**AIM OF THE EXERCISE**
This task calls for every entry below to be repeated exactly, without the pictures.

* * * * * * * * *

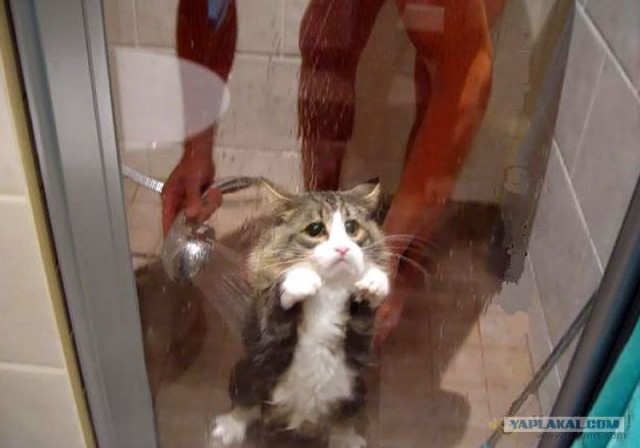 Котовторник на ЯПлакалъ (03.06), котята (31 шт)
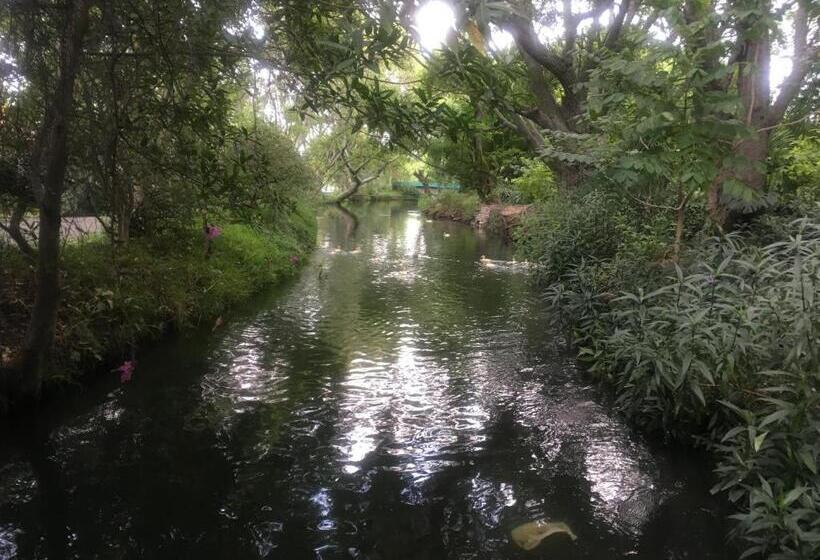 Los Naranjos Hotel Boutique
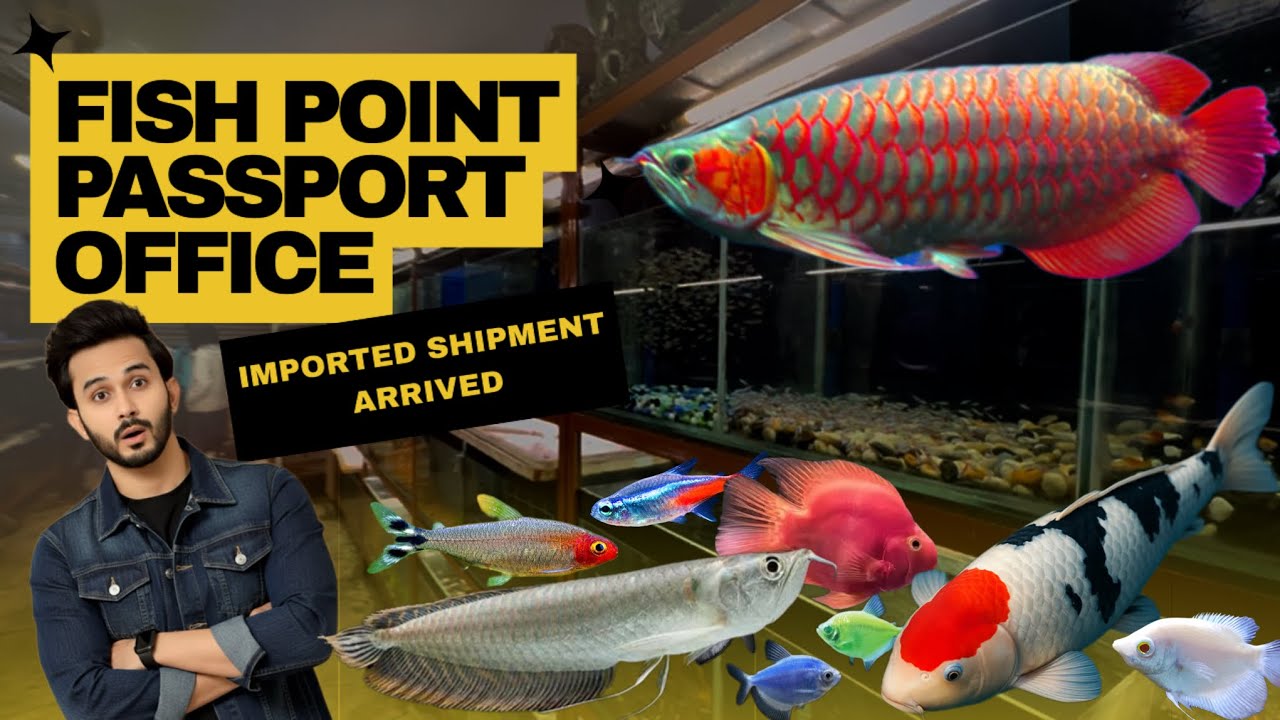 Latest Fish Shipment | Unboxing the New Imported Fish at Fish Point Passport Office - Imran’s World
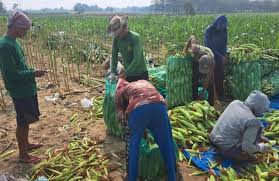 Perkuat Ekonomi Desa, Gapoktan Binaan BAZNAS Panen Raya Jagung Manis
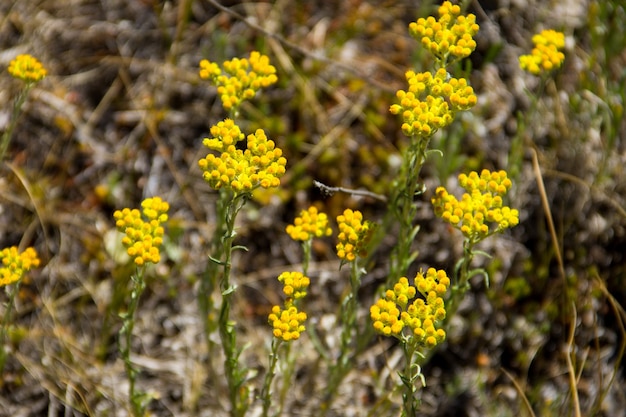 Helichrysum Arena auf der Wiese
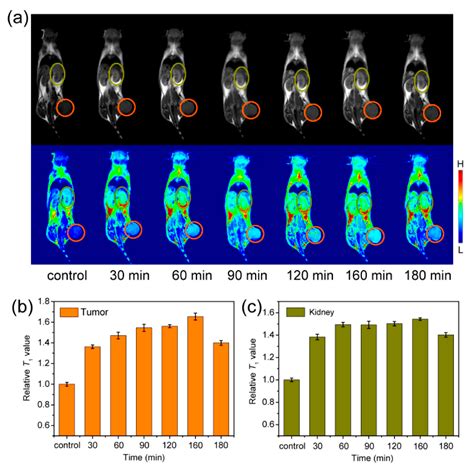 Image result for Magnetite Crystal Model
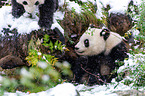 2 Groe Pandas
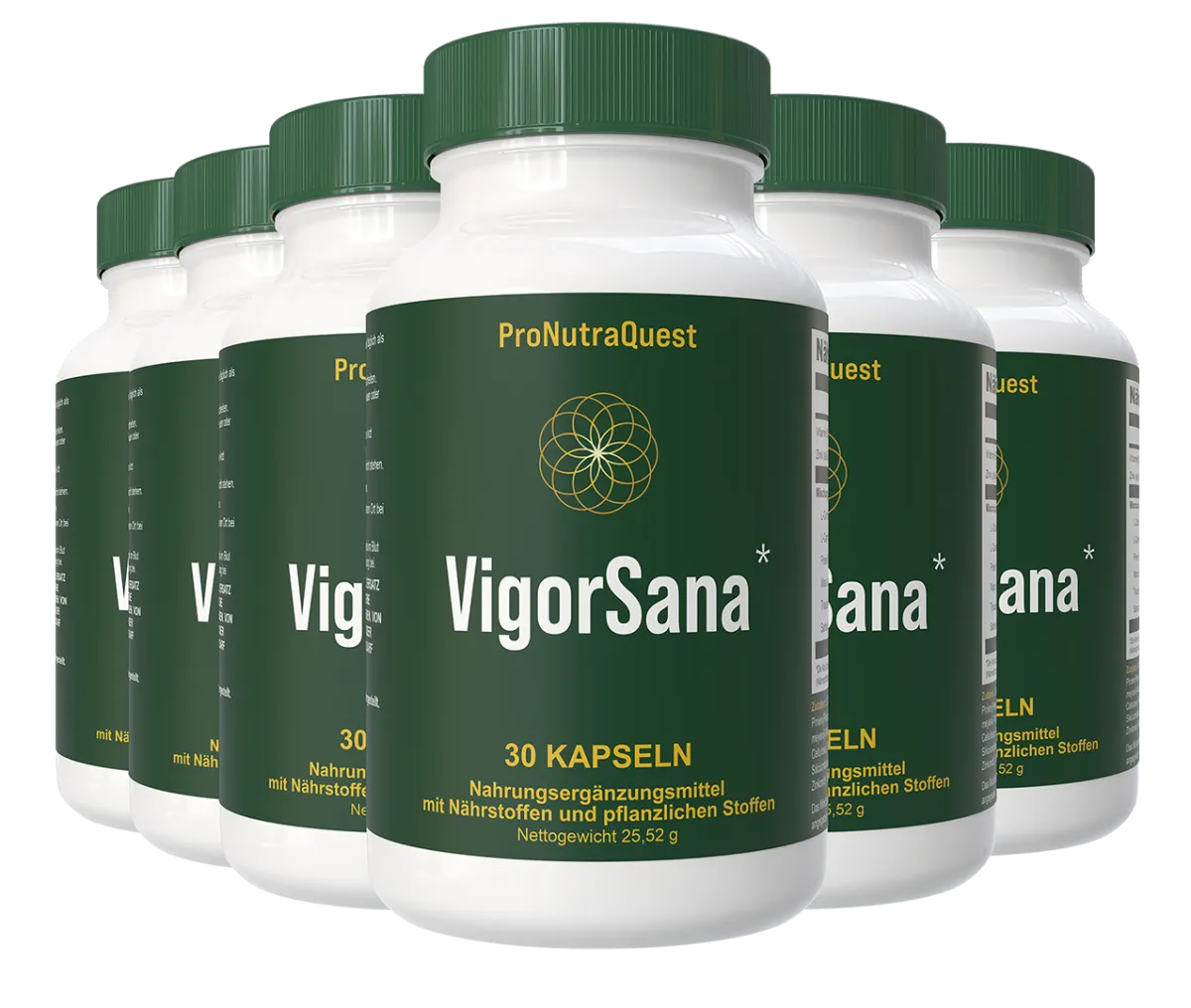 VigorSana special discount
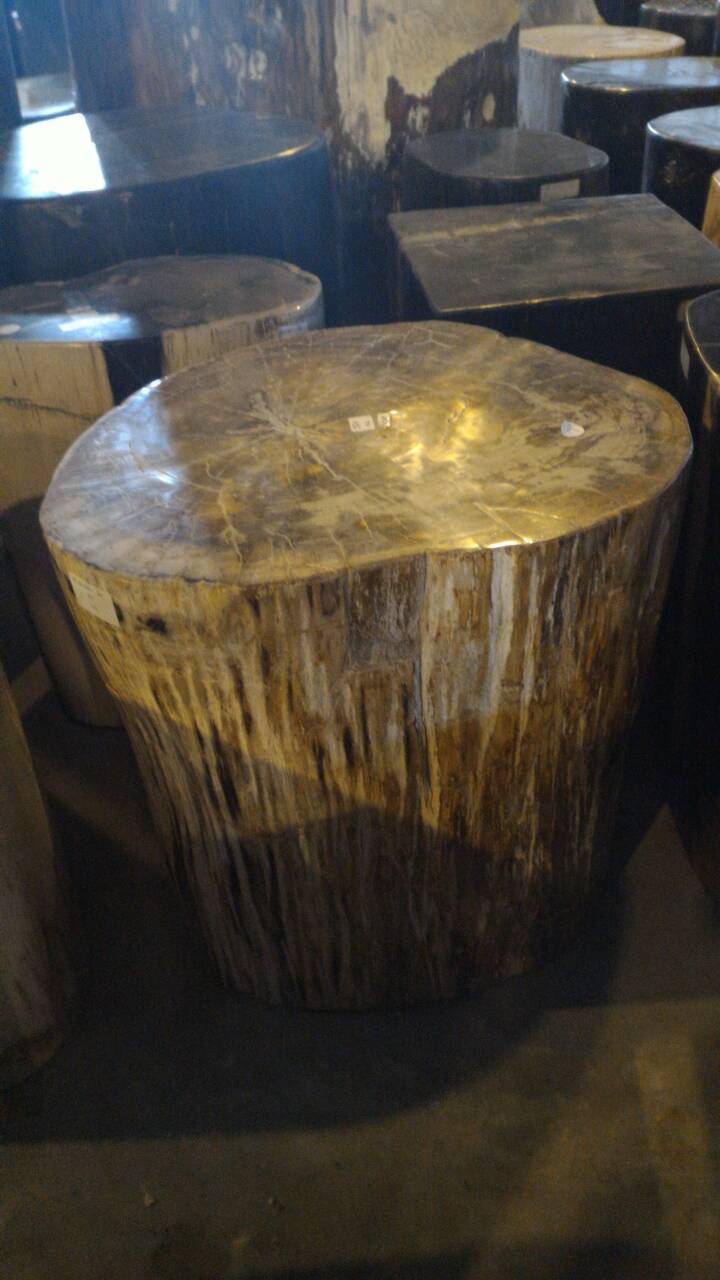 Pretrified wood Item Code PTW001E size weight 115 kg.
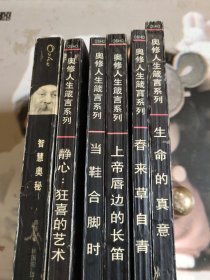 生命的真意：奥修人生箴言系列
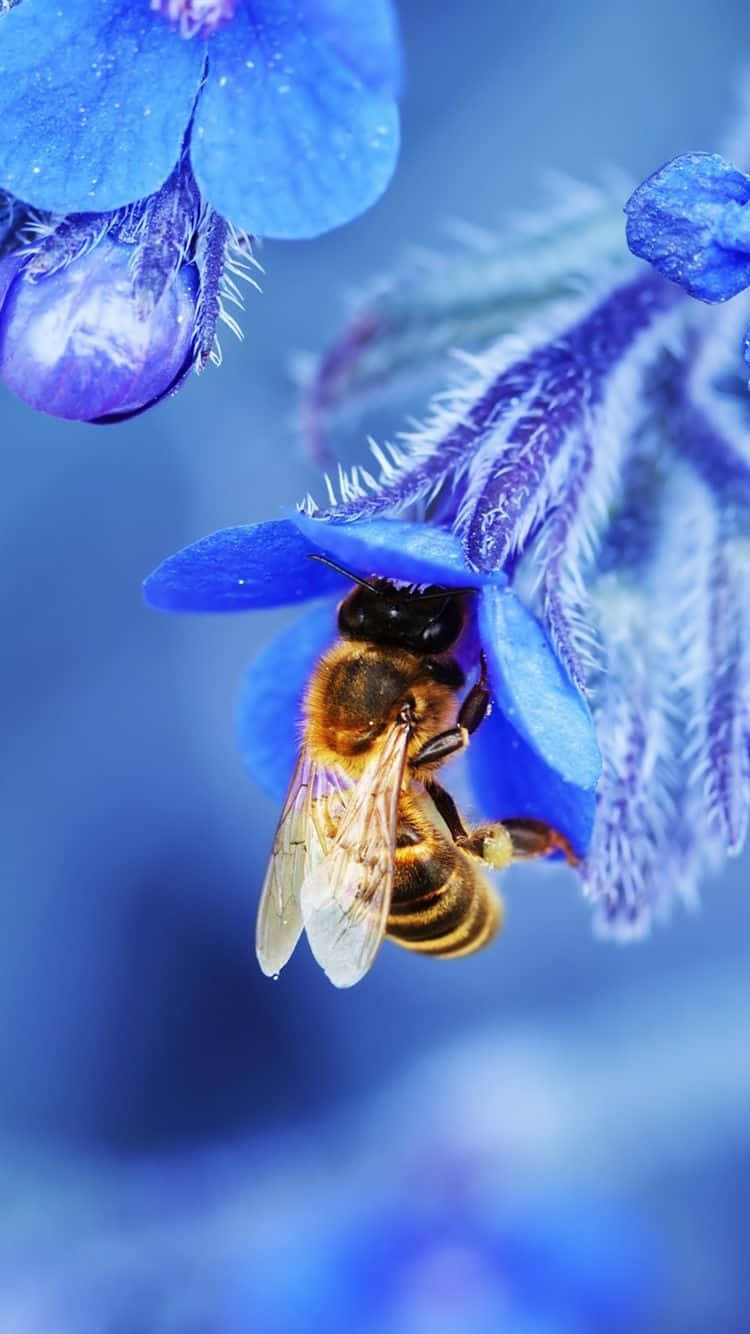 Bee Iphone Blue Flower Background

* * * * * * * * *

**THE ANSWER**
 Котовторник на ЯПлакалъ (03.06), котята (31 шт)
 Los Naranjos Hotel Boutique
 Latest Fish Shipment | Unboxing the New Imported Fish at Fish Point Passport Office - Imran’s World
 Perkuat Ekonomi Desa, Gapoktan Binaan BAZNAS Panen Raya Jagung Manis
 Helichrysum Arena auf der Wiese
 Image result for Magnetite Crystal Model
 2 Groe Pandas
 VigorSana special discount
 Pretrified wood Item Code PTW001E size weight 115 kg.
 生命的真意：奥修人生箴言系列
 Bee Iphone Blue Flower Background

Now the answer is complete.